DATASET EXTRACT ::
# # #
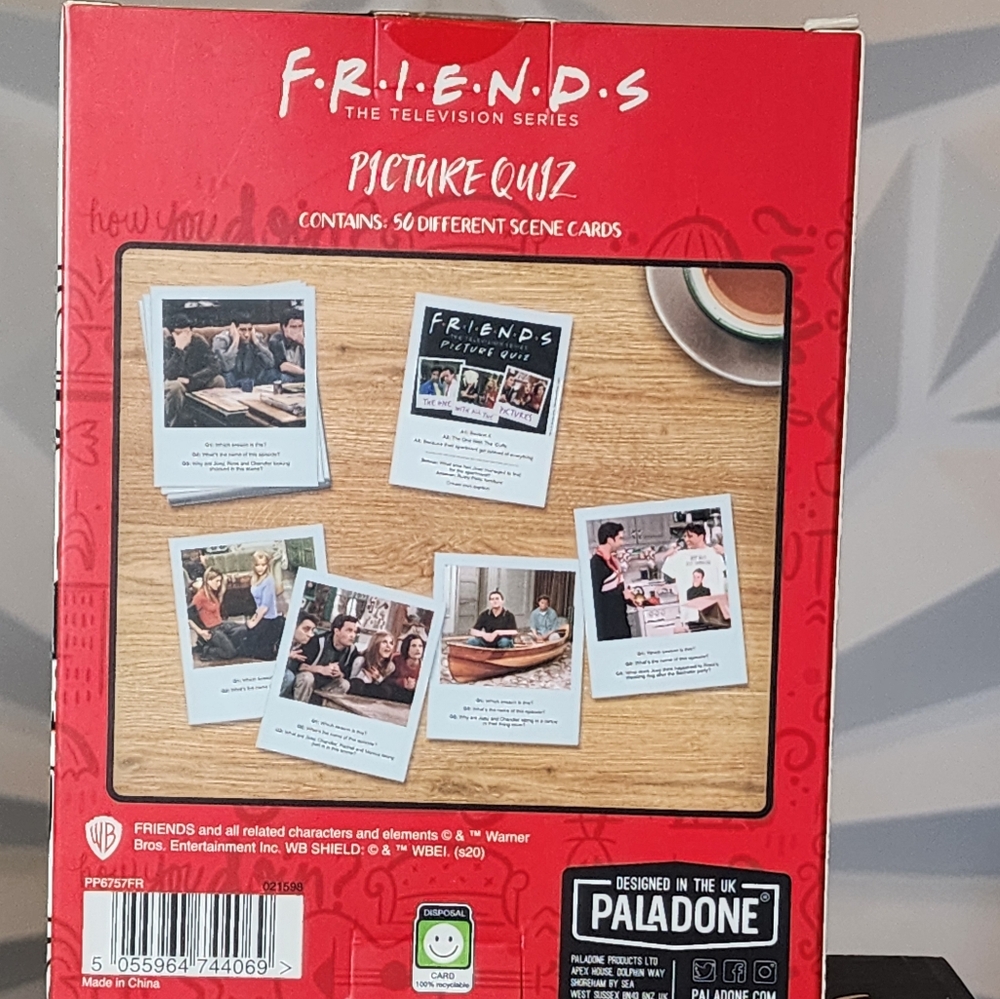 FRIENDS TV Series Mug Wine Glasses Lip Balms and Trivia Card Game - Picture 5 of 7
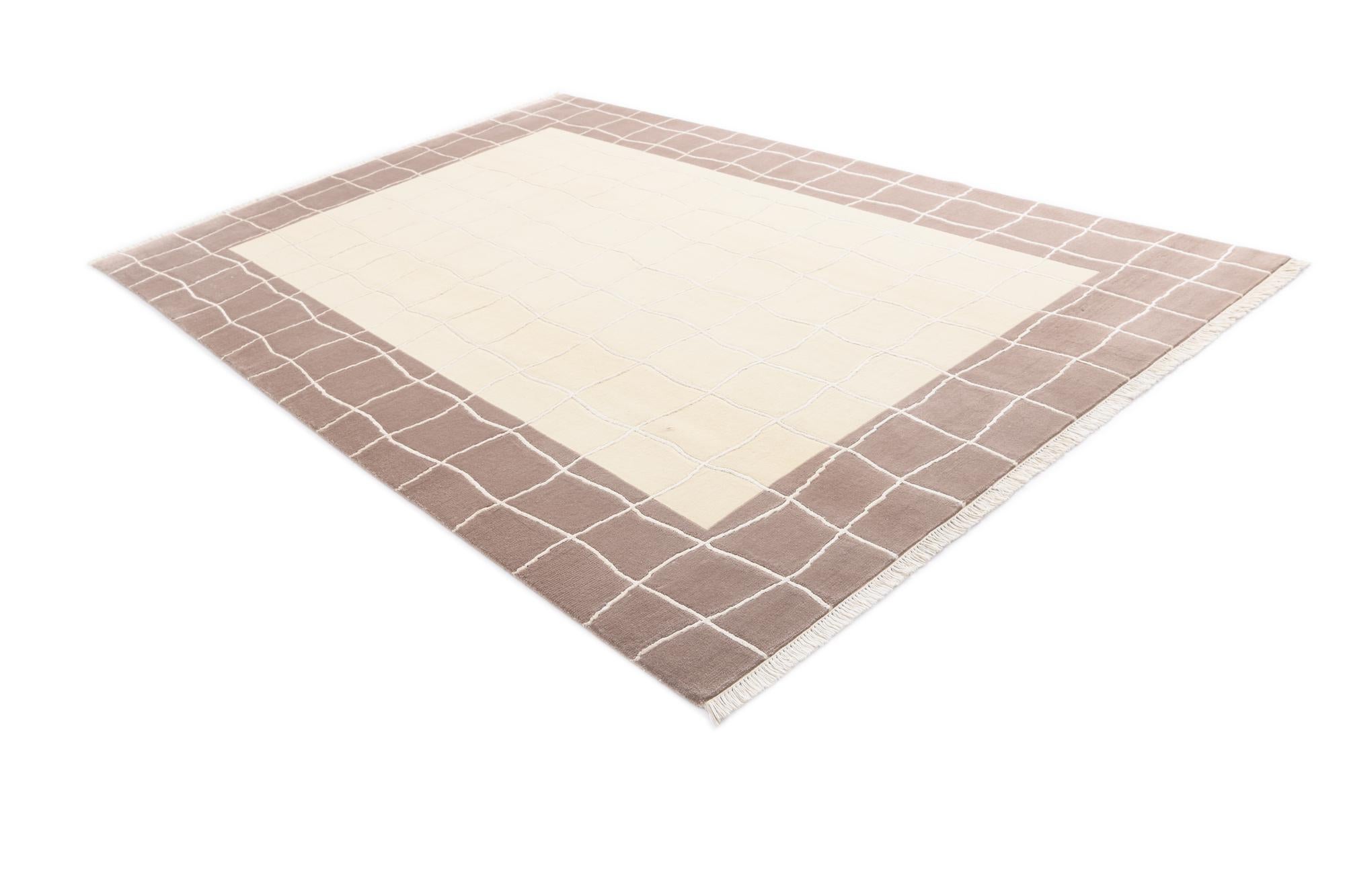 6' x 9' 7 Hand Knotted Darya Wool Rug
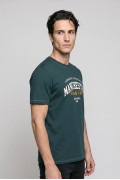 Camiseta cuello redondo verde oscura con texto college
# # #
AIM OF THE TASK :: The required output is the span of lines from the line with "6' x 9' 7 Hand Knotted Darya Wool Rug" through the final line of the listing above, reproduced exactly, minus the pictures.

TASK RESPONSE ::
 6' x 9' 7 Hand Knotted Darya Wool Rug
 Camiseta cuello redondo verde oscura con texto college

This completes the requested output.